Louie Leyson of Surrey, B.C. wins the 2023 CBC Nonfiction Prize

Leyson wins the $6,000 grand prize for their entry, Glossary for an Aswang

September 21, 2023 – CBC Books, CBC’s online home for literary content, together with its partner the Canada Council for the Arts, today announced Louie Leyson of Surrey, B.C. as the winner of the 2023 CBC Nonfiction Prize. Leyson’s entry, Glossary for an Aswang, was selected from more than 2,000 entries.

As the grand-prize winner, Leyson will receive $6,000 from the Canada Council for the Arts and their work has been published on CBC Books. They will also have the opportunity to attend a two-week writing residency at Artscape Gibraltar Point.

The 2023 CBC Nonfiction Prize jurors Eternity Martis, David A. Robertson and Merilyn Simonds, said this about Leyson’s submission:

Glossary for an Aswang is a taut, polished piece that devastates with elegance. Part autoethnography, part reportage, this intense, unconventional meditation on Filipina identity is experimental in structure, using precise poetic language to shape deeply researched realities into a compelling and unforgettable narrative.

“The stories within this story are painfully fragmented—much like, the writer laments, the histories, families, and individual memories of the Filipino people, suppressed by colonization and dispersed across a globe dependent on Filipino domestic workers. Each fragment intimately situates the reader within the loneliness, isolation, injustice, violence, and even death faced by those who leave their families in search of a better life.
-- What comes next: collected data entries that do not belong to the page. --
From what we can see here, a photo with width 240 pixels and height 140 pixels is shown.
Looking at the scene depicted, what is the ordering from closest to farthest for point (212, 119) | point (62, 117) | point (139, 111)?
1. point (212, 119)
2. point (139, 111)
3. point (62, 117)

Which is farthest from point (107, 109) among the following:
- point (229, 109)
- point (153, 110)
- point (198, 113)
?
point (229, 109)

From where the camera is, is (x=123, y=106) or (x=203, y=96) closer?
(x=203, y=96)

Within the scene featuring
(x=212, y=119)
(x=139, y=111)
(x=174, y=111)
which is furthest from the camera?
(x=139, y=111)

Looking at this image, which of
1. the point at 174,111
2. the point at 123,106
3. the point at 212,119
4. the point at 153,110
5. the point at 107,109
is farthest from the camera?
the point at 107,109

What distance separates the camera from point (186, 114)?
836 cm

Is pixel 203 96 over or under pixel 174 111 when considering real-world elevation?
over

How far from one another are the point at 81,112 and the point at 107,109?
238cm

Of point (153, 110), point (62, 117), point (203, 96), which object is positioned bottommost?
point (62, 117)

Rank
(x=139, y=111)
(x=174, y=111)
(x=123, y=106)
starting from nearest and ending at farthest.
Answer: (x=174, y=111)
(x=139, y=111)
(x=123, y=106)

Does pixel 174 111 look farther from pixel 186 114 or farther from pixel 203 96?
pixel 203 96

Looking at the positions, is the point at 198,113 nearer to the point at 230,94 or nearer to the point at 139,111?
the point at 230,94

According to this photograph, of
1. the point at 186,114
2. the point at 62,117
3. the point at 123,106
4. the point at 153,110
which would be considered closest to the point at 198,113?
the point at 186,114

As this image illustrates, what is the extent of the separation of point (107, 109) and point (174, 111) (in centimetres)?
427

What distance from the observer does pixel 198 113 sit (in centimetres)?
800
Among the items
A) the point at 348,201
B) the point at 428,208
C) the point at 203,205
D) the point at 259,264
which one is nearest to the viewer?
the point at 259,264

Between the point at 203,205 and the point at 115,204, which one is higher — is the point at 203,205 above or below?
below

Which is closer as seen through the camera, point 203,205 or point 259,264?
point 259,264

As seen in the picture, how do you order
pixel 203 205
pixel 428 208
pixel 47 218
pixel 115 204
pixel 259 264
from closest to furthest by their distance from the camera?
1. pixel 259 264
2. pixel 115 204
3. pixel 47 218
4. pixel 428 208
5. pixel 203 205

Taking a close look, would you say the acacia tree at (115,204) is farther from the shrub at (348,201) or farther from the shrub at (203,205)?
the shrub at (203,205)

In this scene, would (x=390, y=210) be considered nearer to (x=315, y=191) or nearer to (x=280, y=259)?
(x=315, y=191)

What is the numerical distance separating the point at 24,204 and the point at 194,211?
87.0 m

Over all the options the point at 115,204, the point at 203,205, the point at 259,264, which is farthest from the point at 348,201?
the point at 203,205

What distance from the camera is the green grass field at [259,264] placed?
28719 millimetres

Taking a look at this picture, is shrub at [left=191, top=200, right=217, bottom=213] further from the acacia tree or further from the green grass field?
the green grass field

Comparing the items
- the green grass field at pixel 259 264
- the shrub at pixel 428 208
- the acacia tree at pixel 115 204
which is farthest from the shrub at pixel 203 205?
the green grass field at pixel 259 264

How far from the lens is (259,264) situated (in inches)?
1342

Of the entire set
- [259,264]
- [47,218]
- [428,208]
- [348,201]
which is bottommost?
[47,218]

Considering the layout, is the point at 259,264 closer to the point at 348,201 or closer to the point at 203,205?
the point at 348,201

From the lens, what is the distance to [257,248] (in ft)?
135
The writer demands that you look, and not look away. Each word perfectly chosen and irresistibly placed, Glossary for an Aswang is the kind of story that you read and immediately say, ‘This is the one.’”

Louie Leyson said, “I’m happy, stunned and grateful to win this award. It felt like such an honour for my work to even appear in the long and shortlist out of over a thousand others. I’m grateful to CBC for the prize, the acknowledgment and the platform to share my work more broadly. It’s all very dreamlike. A disbelieving joy. I want to hug my younger self and tell them there’s disbelieving joy on the horizon.
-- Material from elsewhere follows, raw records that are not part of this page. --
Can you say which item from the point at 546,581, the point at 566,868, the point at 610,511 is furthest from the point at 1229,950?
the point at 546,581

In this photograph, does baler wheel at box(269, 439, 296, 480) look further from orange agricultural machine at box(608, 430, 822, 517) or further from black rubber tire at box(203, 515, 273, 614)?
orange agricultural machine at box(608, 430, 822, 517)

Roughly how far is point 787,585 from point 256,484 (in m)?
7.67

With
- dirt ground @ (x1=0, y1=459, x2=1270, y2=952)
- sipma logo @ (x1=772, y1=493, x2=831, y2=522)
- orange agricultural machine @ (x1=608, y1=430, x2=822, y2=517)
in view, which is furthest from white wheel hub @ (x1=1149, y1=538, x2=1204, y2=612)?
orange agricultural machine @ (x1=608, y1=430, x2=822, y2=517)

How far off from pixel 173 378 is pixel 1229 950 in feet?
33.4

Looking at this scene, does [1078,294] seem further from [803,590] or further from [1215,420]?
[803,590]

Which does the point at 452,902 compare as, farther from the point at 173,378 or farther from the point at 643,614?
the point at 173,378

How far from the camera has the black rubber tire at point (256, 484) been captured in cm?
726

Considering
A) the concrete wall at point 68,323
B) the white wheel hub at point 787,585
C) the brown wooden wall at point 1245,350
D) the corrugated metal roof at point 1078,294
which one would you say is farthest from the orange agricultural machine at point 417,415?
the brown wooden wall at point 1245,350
“I’m especially grateful that my work was selected by an incredible jury of established authors in Canada—Eternity Martis, David A. Robertson and Merilyn Simonds—each with an abundant, distinguished body of work to their name. That might be the most exciting part of the win, for me. There isn’t a greater thrill than to have my work acknowledged by those whose work I already admire.”

The four runners-up for the 2023 CBC Nonfiction Prize, who will each receive $1,000 from the Canada Council for the Arts, are: Finnian Burnett of Princeton, B.C. for That Poor Girl; Christine Lowther of Tofino, B.C. for Environmental Services; Barbara Joan Scott of Calgary for Black Diamond; and Kelly S. Thompson, originally from Barrie, Ont. and currently based in Colorado Springs, Colorado, for The Edge of Change.
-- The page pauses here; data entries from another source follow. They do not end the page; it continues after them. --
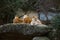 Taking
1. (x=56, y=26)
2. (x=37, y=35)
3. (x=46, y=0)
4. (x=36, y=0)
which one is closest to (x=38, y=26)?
(x=37, y=35)

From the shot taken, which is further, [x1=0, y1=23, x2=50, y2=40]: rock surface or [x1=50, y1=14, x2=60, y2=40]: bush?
[x1=0, y1=23, x2=50, y2=40]: rock surface

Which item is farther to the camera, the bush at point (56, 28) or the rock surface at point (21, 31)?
the rock surface at point (21, 31)

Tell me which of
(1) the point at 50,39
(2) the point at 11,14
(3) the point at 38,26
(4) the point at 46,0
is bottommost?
(1) the point at 50,39

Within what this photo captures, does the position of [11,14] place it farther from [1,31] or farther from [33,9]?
[1,31]

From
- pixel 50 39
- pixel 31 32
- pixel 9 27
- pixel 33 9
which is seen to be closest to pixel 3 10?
pixel 33 9

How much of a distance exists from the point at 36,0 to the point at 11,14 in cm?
52

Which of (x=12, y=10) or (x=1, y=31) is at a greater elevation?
(x=12, y=10)

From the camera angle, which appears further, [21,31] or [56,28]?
[21,31]

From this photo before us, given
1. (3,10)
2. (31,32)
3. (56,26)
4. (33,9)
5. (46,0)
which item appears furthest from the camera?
(33,9)

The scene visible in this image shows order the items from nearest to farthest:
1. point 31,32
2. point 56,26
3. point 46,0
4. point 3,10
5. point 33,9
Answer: point 56,26 → point 31,32 → point 46,0 → point 3,10 → point 33,9

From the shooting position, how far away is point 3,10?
270cm

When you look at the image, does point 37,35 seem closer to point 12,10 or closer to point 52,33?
point 52,33

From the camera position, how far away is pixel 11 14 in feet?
9.00

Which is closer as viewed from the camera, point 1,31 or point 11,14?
point 1,31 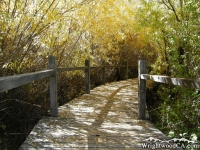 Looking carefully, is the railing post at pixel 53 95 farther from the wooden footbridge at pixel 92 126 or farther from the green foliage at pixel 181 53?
the green foliage at pixel 181 53

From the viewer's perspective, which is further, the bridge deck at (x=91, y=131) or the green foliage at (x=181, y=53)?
the green foliage at (x=181, y=53)

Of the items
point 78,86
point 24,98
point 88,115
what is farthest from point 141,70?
point 78,86

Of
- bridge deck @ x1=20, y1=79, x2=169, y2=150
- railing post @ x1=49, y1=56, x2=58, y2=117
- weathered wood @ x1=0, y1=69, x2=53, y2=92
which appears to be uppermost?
weathered wood @ x1=0, y1=69, x2=53, y2=92

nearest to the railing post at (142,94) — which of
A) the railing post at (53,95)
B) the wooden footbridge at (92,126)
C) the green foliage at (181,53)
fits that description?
the wooden footbridge at (92,126)

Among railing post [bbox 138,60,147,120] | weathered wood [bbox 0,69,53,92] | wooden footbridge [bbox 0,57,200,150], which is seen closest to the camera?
weathered wood [bbox 0,69,53,92]

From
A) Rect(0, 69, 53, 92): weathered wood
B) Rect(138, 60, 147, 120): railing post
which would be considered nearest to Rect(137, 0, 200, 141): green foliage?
Rect(138, 60, 147, 120): railing post

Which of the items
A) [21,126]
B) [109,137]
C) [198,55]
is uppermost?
[198,55]

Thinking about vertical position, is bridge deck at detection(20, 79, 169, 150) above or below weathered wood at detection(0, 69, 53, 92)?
below

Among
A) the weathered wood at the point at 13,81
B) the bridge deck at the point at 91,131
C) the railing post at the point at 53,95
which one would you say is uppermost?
the weathered wood at the point at 13,81

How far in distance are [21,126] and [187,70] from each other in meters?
3.69

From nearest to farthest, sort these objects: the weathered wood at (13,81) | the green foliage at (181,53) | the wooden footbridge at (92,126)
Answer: the weathered wood at (13,81) → the wooden footbridge at (92,126) → the green foliage at (181,53)

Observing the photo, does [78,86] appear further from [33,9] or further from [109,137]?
[109,137]

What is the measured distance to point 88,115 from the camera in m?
3.77

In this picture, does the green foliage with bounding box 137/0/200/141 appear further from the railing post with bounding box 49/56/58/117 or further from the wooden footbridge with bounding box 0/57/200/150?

CBC Books also announced Maxime Jolivel as the winner of the French grand prize for Histoire de pêche. More information is available at ICI.Radio-canada.ca/icionlit.

For more information on the CBC Literary Prizes, please visit CBCBooks.ca.

About CBC Books

Home to Canada Reads, Writers & Company, The Next Chapter, Canada Writes and the CBC Literary Prizes, CBC Books connects Canadians with books, encouraging a shared love of reading and writing. For book news, writing challenges, reading lists, book recommendations and more, visit CBCBooks.ca.

About CBC/Radio-Canada

CBC/Radio-Canada is Canada’s national public broadcaster. Through our mandate to inform, enlighten and entertain, we play a central role in strengthening Canadian culture. As Canada’s trusted news source, we offer a uniquely Canadian perspective on news, current affairs and world affairs. Our distinctively homegrown entertainment programming draws audiences from across the country. Deeply rooted in communities, CBC/Radio-Canada offers diverse content in English, French and eight Indigenous languages. We also deliver content in Spanish, Arabic, Chinese, Punjabi and Tagalog, as well as both official languages, through Radio Canada International (RCI). We are leading the transformation to meet the needs of Canadians in a digital world.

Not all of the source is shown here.